Record excerpts:
-- Opening Marker --

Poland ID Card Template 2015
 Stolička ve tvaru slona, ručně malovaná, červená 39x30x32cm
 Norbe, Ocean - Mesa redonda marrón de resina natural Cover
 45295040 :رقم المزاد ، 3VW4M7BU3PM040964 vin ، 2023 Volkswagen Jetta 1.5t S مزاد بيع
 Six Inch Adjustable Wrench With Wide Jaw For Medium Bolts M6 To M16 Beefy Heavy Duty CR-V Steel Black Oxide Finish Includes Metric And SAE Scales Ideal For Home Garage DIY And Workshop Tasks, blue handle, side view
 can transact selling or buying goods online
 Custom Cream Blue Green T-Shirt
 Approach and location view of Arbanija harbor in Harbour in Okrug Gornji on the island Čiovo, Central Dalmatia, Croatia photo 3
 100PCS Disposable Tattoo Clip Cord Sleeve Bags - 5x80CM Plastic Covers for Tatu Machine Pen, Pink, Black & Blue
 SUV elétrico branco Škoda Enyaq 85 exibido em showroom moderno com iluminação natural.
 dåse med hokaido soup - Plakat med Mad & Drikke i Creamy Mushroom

-- Closing Marker --

Exercise brief:
Reproduce, exactly and only, the lines running from the one with "can transact selling or buying goods online" to the end of the listing above.

Task response:
 can transact selling or buying goods online
 Custom Cream Blue Green T-Shirt
 Approach and location view of Arbanija harbor in Harbour in Okrug Gornji on the island Čiovo, Central Dalmatia, Croatia photo 3
 100PCS Disposable Tattoo Clip Cord Sleeve Bags - 5x80CM Plastic Covers for Tatu Machine Pen, Pink, Black & Blue
 SUV elétrico branco Škoda Enyaq 85 exibido em showroom moderno com iluminação natural.
 dåse med hokaido soup - Plakat med Mad & Drikke i Creamy Mushroom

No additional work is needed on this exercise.